For years, grassroots volunteers and animal protection organizations have worked to end this cruelty, and are on the verge of achieving this important goal. In 2000, a ballot question to outlaw dog racing was defeated by the narrowest of margins, 51% to 49%. To defeat the proposal, wealthy racetrack owners spent nearly two million dollars on glossy television ads in an attempt to reassure voters that dog racing is somehow humane.

Earlier this year, a ballot question that would have phased out dog racing and strengthened other dog protection laws was poised to go before voters after volunteers collected over 150,000 signatures. However, at the eleventh hour the Supreme Judicial Court ruled that the measure could not be voted on due to a legal technicality.

Despite this setback, we are optimistic that voters will be given a chance in 2008 to end this animal cruelty. If they are given a chance, we believe that voters will make the compassionate choice and end commercial dog racing.
Our efforts to end dog racing, though, may be running short of time.
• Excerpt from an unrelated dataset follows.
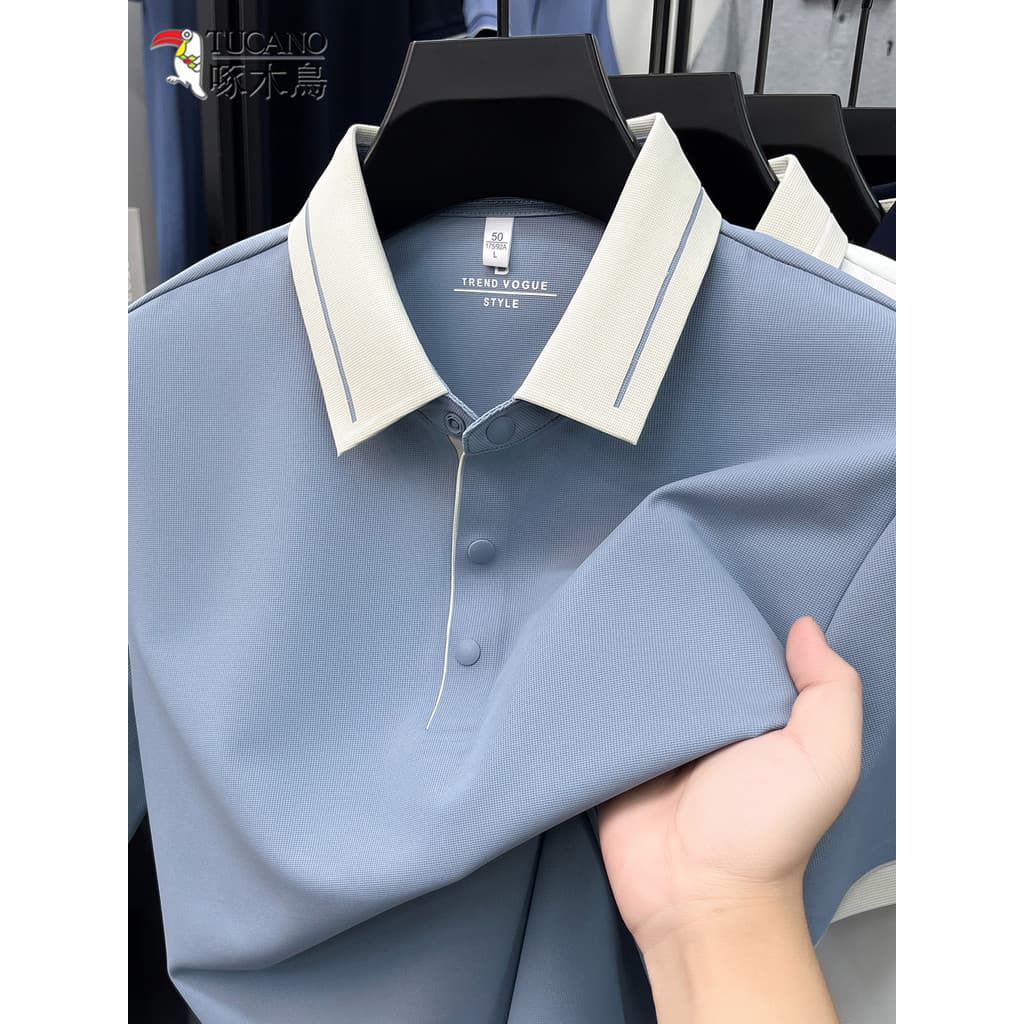Woodpecker gelo seda manga curta camiseta masculina verão fino lapela de meia-idade camisa POLO pai solto Casual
The same wealthy racetrack owners who have profited from this animal cruelty for decades have found a way to try to save their dying businesses: prop them up with casino gambling.
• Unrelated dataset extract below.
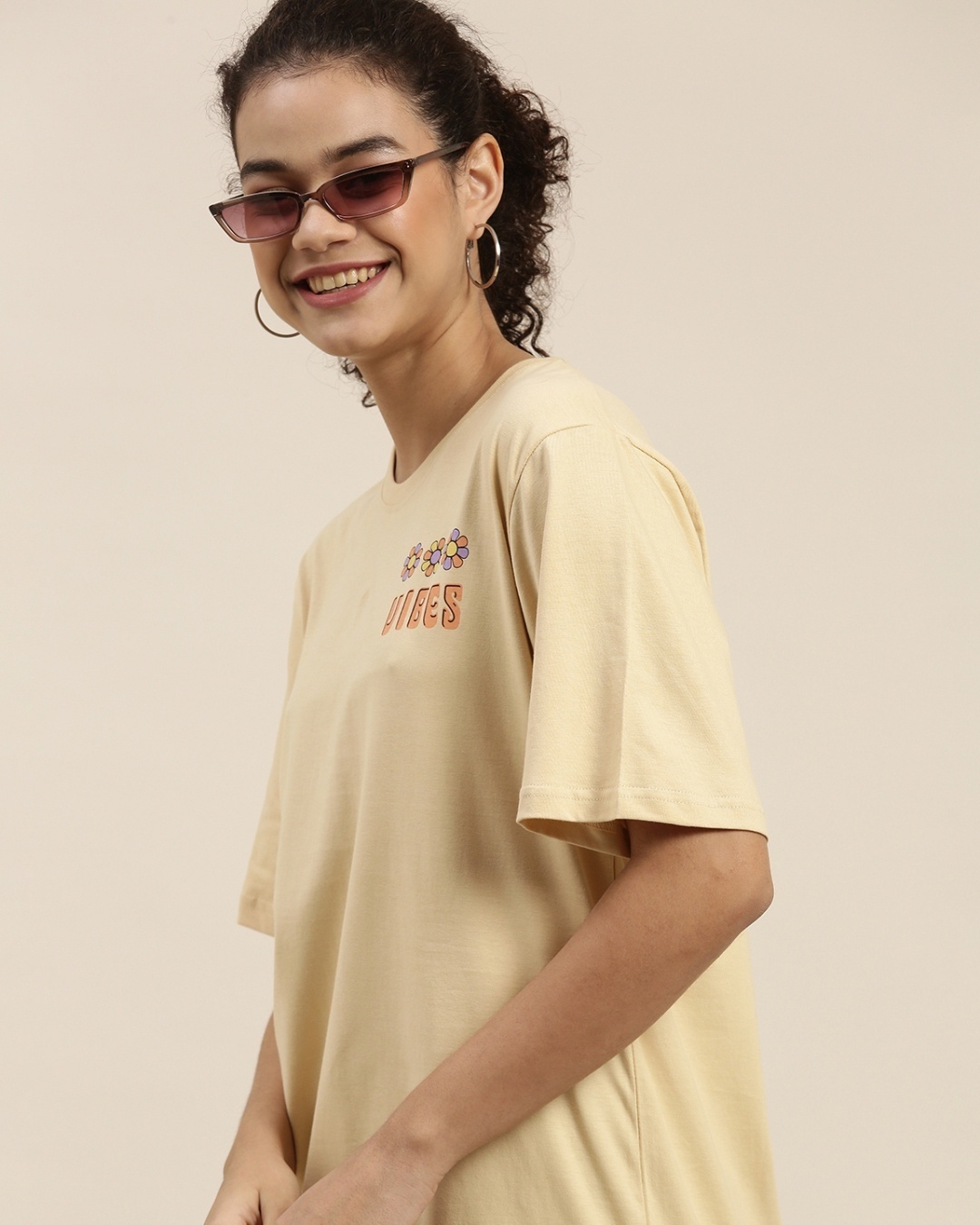 Shop Women's Beige Typographic Oversized Fit T Shirt-Back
While there is no logical connection between slot machine gambling and commercial dog racing, logic has rarely stopped lobbyists and political insiders on Beacon Hill from writing laws that benefit their clients and campaign contributors. Thus a strange marriage of convenience has been forged on the casino gambling issue: lawmakers will try to give commercial racetracks the exclusive right to operate slot machines, with the caveat that the racetracks will be required by law to continue holding dog races, and if racetrack owners will agree to use millions of dollars in slot machine profits to subsidize dog breeders.

Passing this kind of backwards gambling proposal would not only legalize casino gambling in the Commonwealth, it would also guarantee that the cruelty of dog racing would continue for decades, regardless of whether racetrack owners were profiting from the races themselves or not.

Please help us defeat this cynical gambling proposal. Tell your state lawmakers that you are opposed to propping up dog racing with casino gambling profits. Then join with us to collect signatures for a ballot question in 2008 to end dog racing altogether. The dogs that are now suffering at commercial racetracks in our state don’t have a voice, and are counting on us to speak for them.